Our results show that commonly used fungicides in vineyards might induce severe mortality in amphibians – further accelerating amphibian declines. Folpet is applied many times throughout the growing season, making direct contact of frogs very likely. Additionally, surviving juveniles suffer from sublethal effects like impairments of activity and predation behaviour, which could have both immediate and long-term individual fitness effects.
Can pesticide contamination affect reproduction and thereby the next generation of amphibians?
To investigate potential adverse effects of long-term exposure to viticultural pesticides on the reproductive capacity of amphibians, we left the lab and conducted a semi-field study in pesticide uncontaminated and contaminated ponds near Landau which are inhabited by common toad populations. For this, we captured reproductively active common toad pairs of each population and kept them in net cages until spawning.
Toads from more contaminated ponds showed an increased fecundity (more eggs) but decreased fertilization rates (fewer hatching tadpoles) as well as lower survival rates and reduced size of tadpoles. These results suggest that the higher exposed populations suffer from long-term reproductive impairments.
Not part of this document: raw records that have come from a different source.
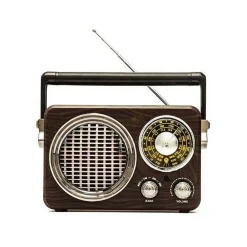 CASSA SPEAKER ALTOPARLANTE BLUETOOTH USB VIVAVOCE PORTATILE VINTAGE MK-612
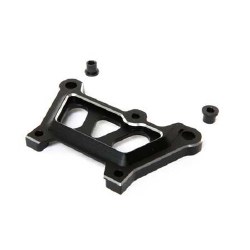 Front Top Plate, Black, Aluminum: DBXL-E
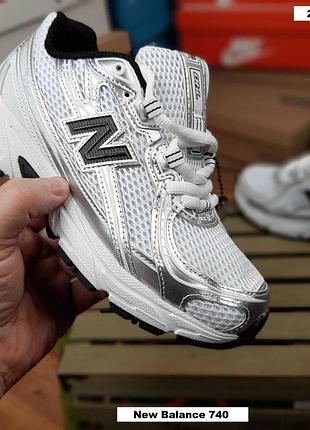 Кросівки жіночі new balance 740 білі з чорним текстиль нью беланс 740 на весну, літо, осінь 40(24.5 см)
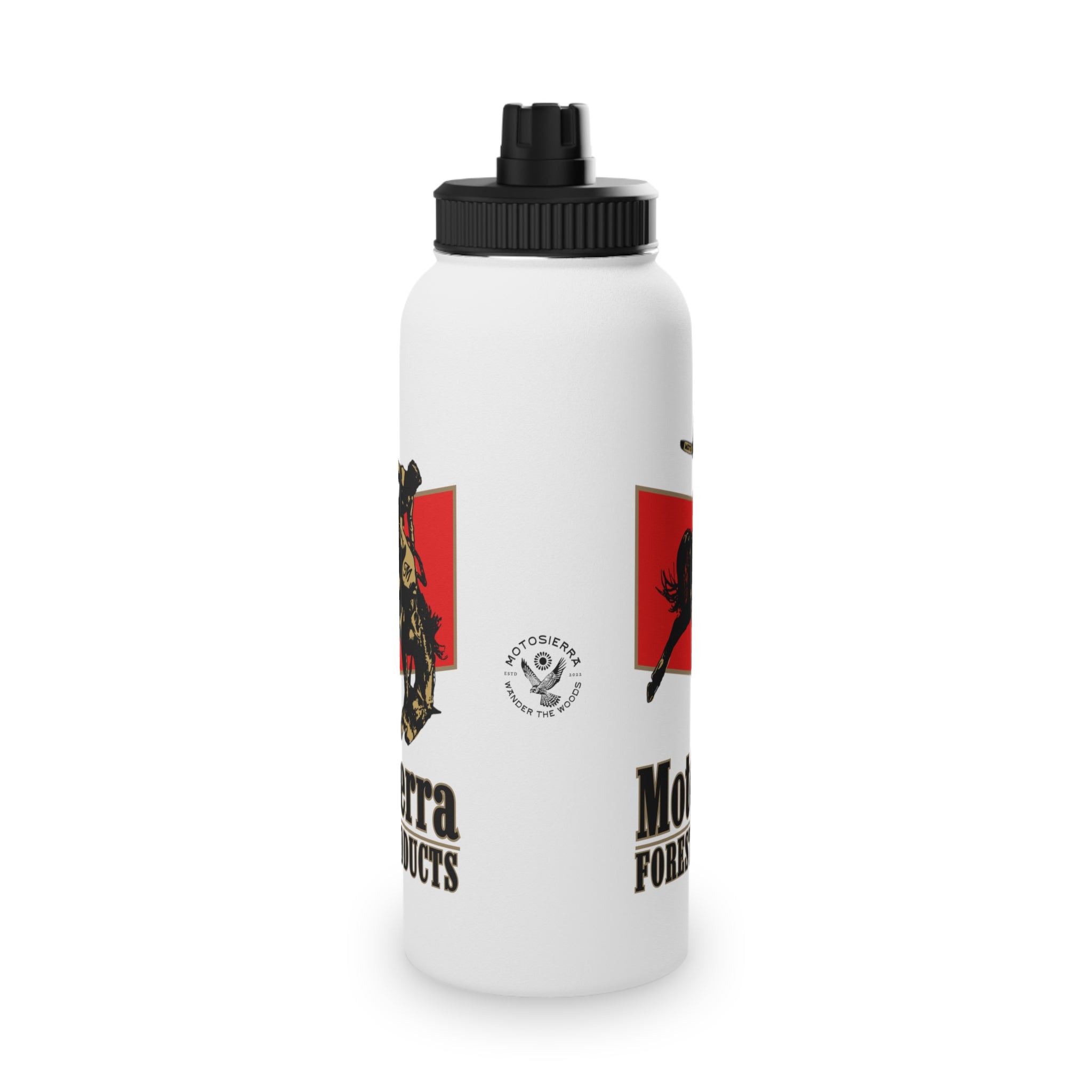 MotoSierra Stainless Steel Water Bottle, Sports Lid, Gym Hydration, Outdoor Adventure, Travel Companion,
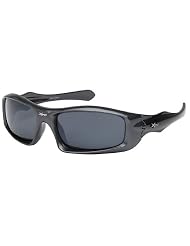 Mens Sports Sunglasses - Golf Baseball etc - Dark Silver 5411 by SharpShades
In combination with the determined acute toxicity effects observed in the above-mentioned study, the detected reproduction effects pose a serious threat on amphibian populations in agricultural landscapes.
Combining the results from our studies, we conclude:
- Avoidance and reproduction are endpoints that should be addressed in future risk assessment procedures
- Pesticide applications should be reduced at least during the migration of adult and presence of juvenile amphibians to reduce the pressure on declining amphibian populations
For further reading, have a look at our recently published papers:
The paper “Avoidance behavior of juvenile common toads (Bufo bufo) in response to surface contamination by different pesticides” was authored by Christoph Leeb, Sara Kolbenschlag, Aurelia Laubscher, Elena Adams, Carsten Brühl and Kathrin Theissinger, and published open access in PLOS ONE.
The paper “Dermal fungicide exposure at realistic field rates induces lethal and sublethal effects on juvenile European common frogs (Rana temporaria)” was authored by Elena Adams, Verena Gerstle and Carsten Brühl, and published open access in Environmental Toxicology and Chemistry.
The paper “Pesticide exposure affects reproductive capacity of common toads (Bufo bufo) in a viticultural landscape” was authored by Elena Adams, Christoph Leeb and Carsten Brühl, and published open access in Ecotoxicology.
Thank you to Sara Kolbenschlag and Verena Gerstle, who both did an amazing job during their master theses, helping out with these projects.